Directions for this task: Return, without pictures, the lines from the start of the data through the one that contains "2020 Toyota 4Runner".

Captioned web image data:
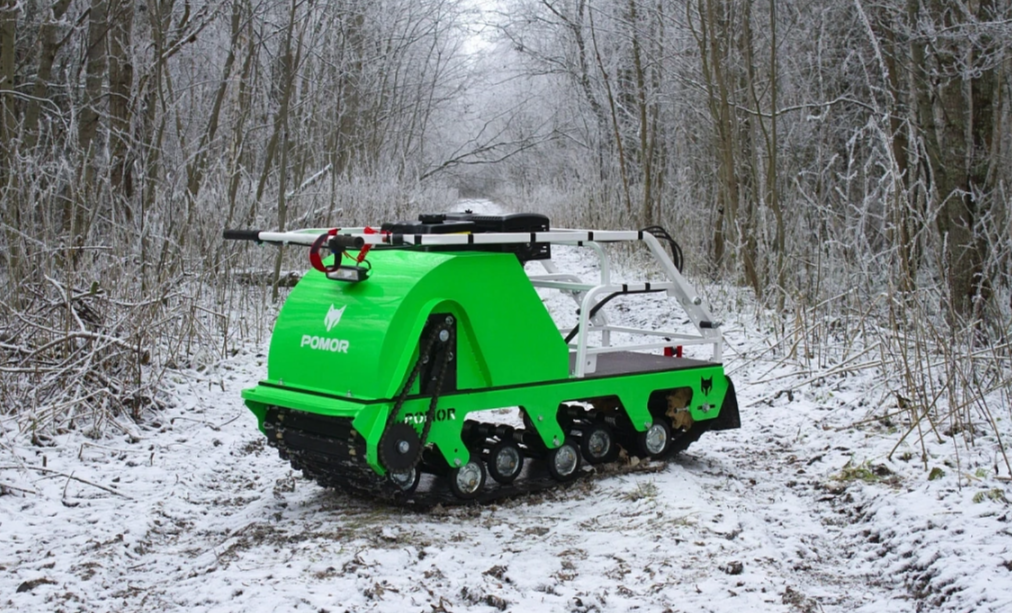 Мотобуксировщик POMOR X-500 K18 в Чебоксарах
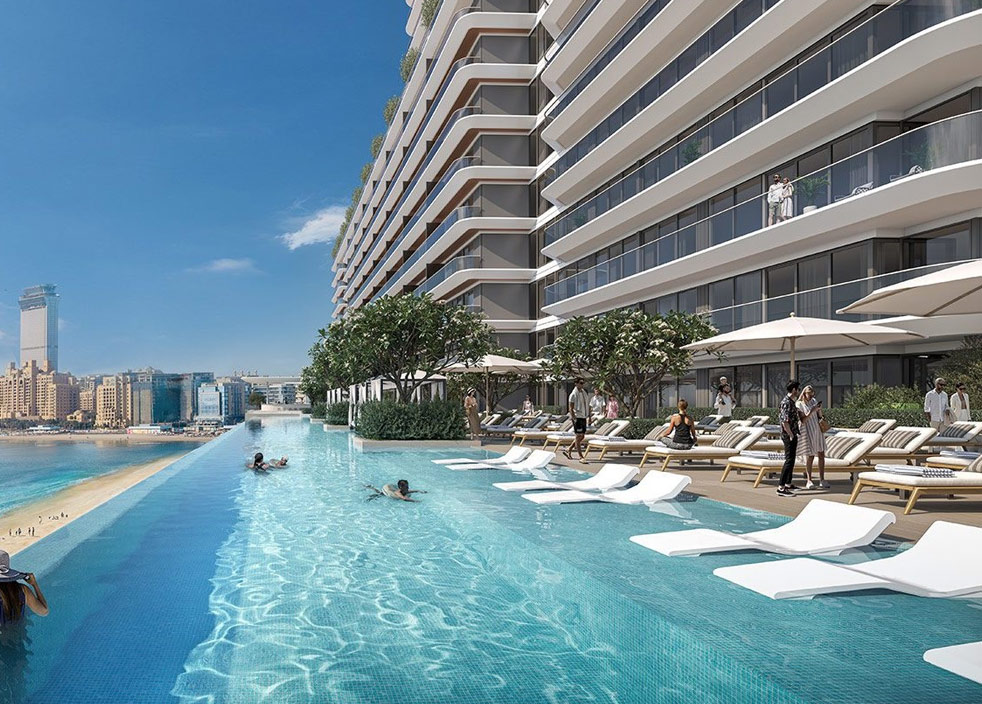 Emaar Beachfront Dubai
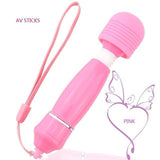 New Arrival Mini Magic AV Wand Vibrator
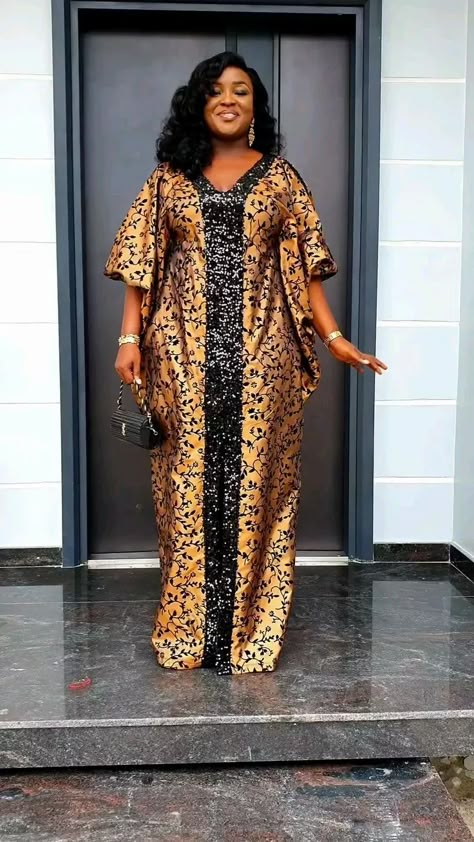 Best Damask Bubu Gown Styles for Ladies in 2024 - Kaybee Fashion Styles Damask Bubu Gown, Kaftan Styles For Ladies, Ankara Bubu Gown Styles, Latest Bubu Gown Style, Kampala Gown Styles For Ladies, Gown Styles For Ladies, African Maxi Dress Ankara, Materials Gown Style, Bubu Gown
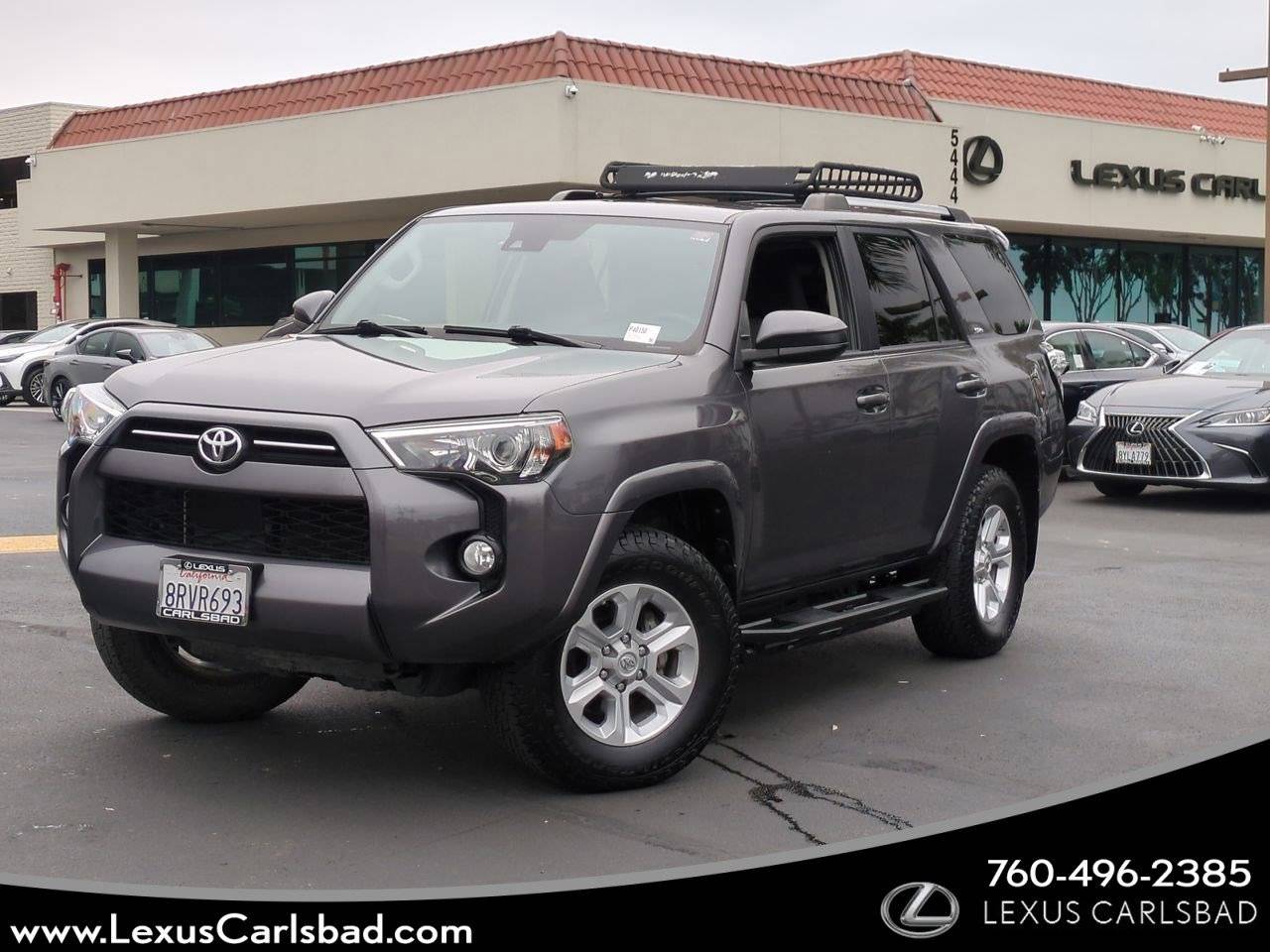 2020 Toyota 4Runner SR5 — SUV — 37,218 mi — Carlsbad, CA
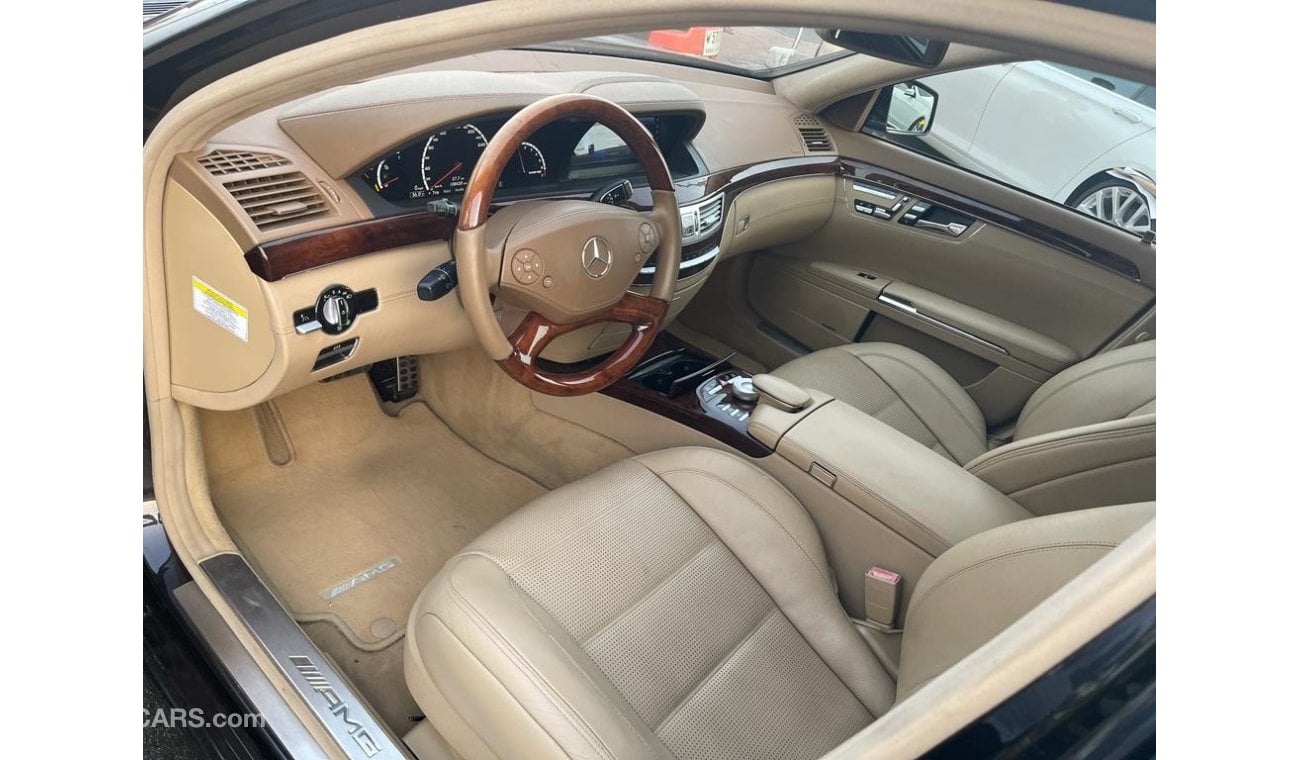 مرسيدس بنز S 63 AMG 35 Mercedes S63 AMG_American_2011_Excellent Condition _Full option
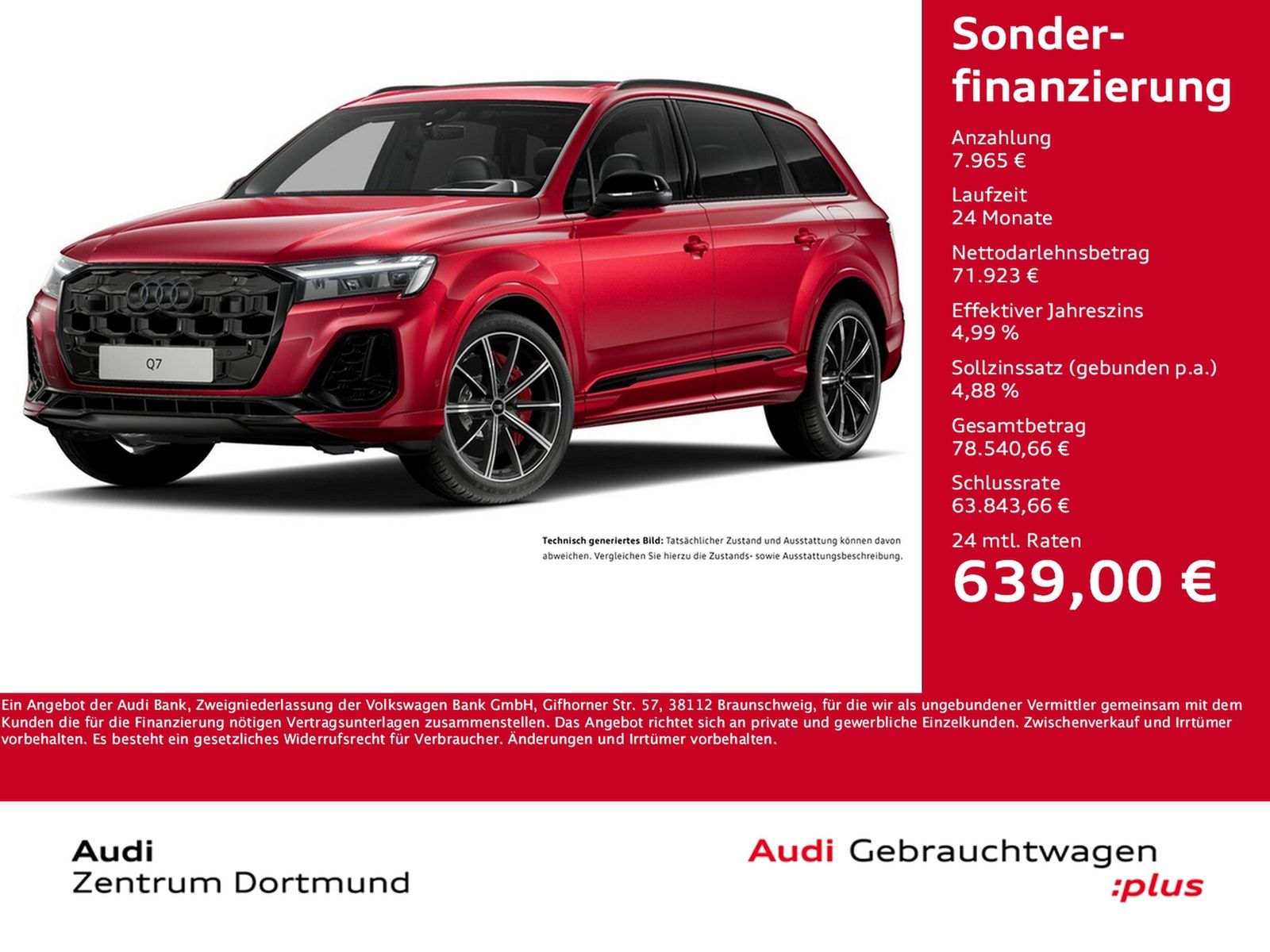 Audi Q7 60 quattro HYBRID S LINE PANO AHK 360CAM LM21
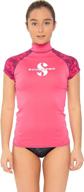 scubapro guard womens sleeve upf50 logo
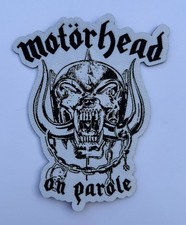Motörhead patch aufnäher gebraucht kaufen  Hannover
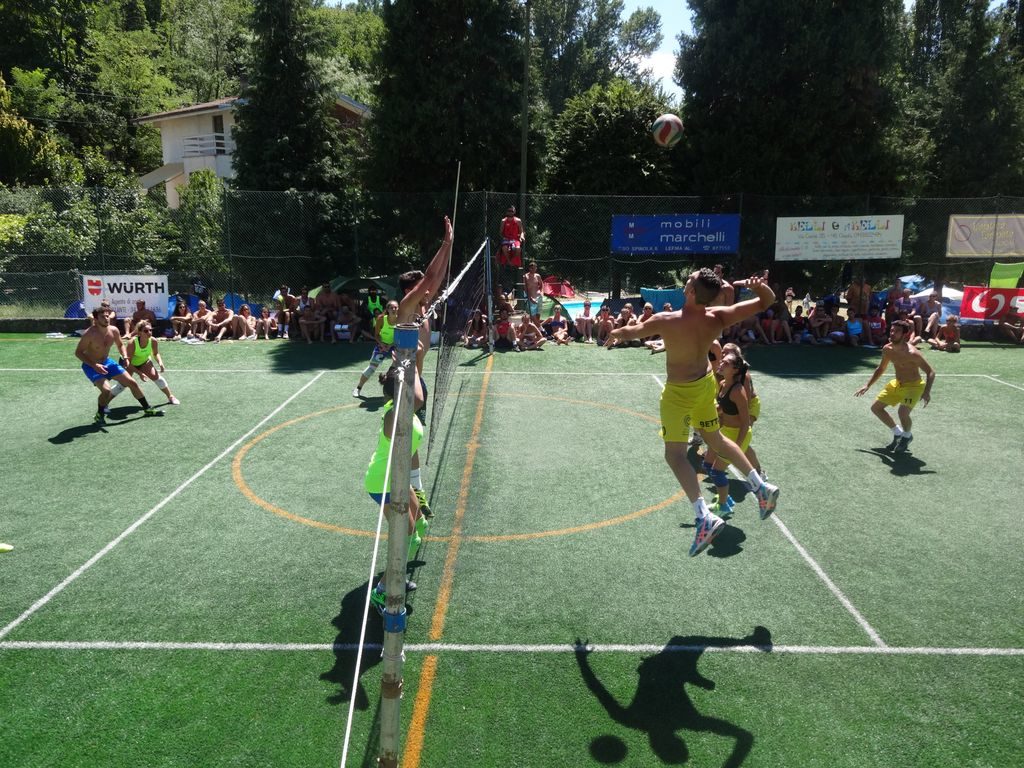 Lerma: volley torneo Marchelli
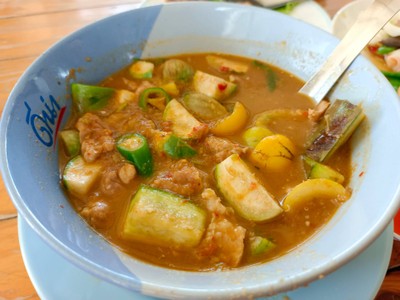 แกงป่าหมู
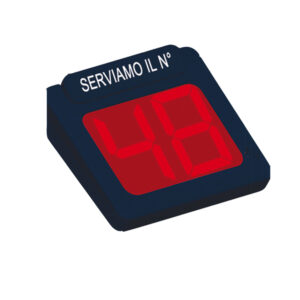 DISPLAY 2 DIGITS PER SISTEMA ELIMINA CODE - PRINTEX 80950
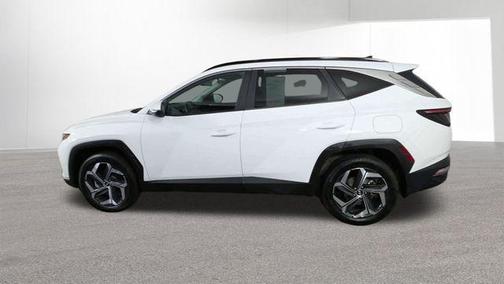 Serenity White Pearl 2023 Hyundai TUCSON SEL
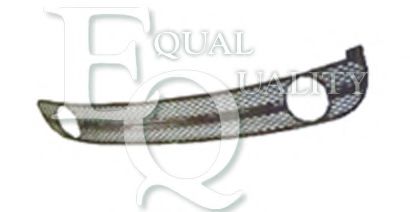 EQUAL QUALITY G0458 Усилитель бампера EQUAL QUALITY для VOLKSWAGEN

Result below:
 Мотобуксировщик POMOR X-500 K18 в Чебоксарах
 Emaar Beachfront Dubai
 New Arrival Mini Magic AV Wand Vibrator
 Best Damask Bubu Gown Styles for Ladies in 2024 - Kaybee Fashion Styles Damask Bubu Gown, Kaftan Styles For Ladies, Ankara Bubu Gown Styles, Latest Bubu Gown Style, Kampala Gown Styles For Ladies, Gown Styles For Ladies, African Maxi Dress Ankara, Materials Gown Style, Bubu Gown
 2020 Toyota 4Runner SR5 — SUV — 37,218 mi — Carlsbad, CA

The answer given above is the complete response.